● Description of the task: Please count how many lines in the entries below contain "image" and reply with the figure alone.

═══ Records provided

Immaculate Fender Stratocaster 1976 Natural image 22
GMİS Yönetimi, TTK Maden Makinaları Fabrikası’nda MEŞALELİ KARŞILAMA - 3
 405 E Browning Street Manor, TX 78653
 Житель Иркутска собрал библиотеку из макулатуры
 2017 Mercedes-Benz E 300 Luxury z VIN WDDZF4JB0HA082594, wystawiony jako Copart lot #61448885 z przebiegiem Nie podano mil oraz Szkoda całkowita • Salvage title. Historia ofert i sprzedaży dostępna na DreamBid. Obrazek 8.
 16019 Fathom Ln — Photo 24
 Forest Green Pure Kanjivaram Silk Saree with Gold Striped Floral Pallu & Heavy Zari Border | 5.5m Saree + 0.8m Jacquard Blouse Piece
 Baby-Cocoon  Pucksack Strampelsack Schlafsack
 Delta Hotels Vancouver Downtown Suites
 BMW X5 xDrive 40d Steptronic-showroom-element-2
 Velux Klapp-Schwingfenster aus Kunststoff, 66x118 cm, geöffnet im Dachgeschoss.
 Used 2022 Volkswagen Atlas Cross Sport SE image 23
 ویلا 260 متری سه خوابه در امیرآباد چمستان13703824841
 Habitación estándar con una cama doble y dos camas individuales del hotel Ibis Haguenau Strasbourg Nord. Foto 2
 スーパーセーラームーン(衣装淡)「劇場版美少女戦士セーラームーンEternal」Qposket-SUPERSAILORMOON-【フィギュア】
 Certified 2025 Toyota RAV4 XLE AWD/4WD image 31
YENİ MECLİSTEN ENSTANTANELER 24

══════

● Solution for this task: 3